┏━━
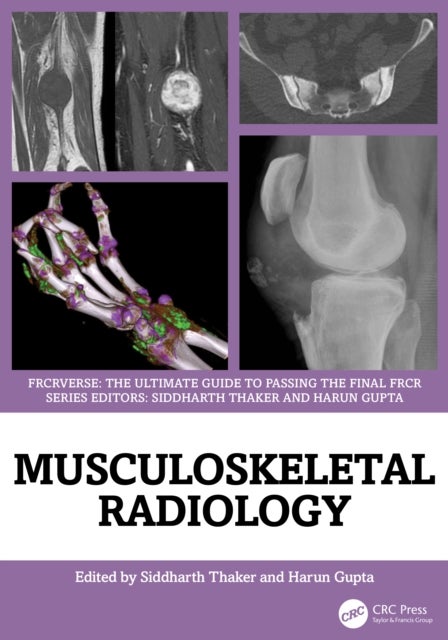 Musculoskeletal Radiology - An Ultimate Guide to Passing the Final FRCR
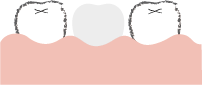 両脇に健全な歯がある方
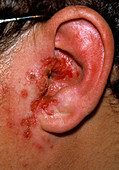 Outer ear infection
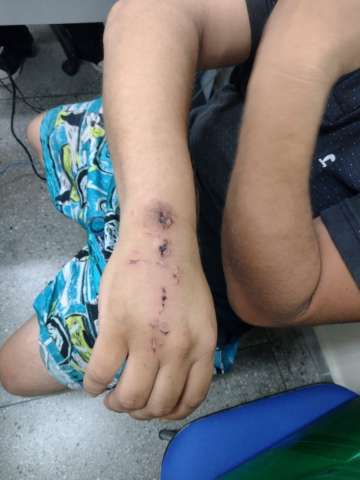 Ladrão cadeirante morde vítima antes de ser preso com armas e joias roubadas no RN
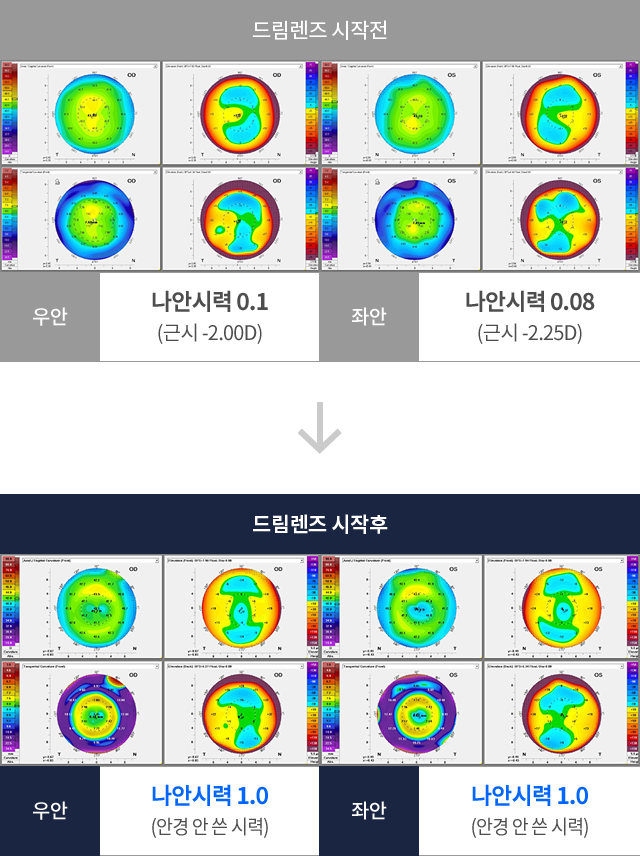 �帲���� ó�� ���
┗━━
--- Work instruction ---
Copy out only the lines from the one containing "両脇に健全な歯がある方" to the end of the entries, unchanged. Drop the pictures.

--- Result below ---
 両脇に健全な歯がある方
 Outer ear infection
 Ladrão cadeirante morde vítima antes de ser preso com armas e joias roubadas no RN
 �帲���� ó�� ���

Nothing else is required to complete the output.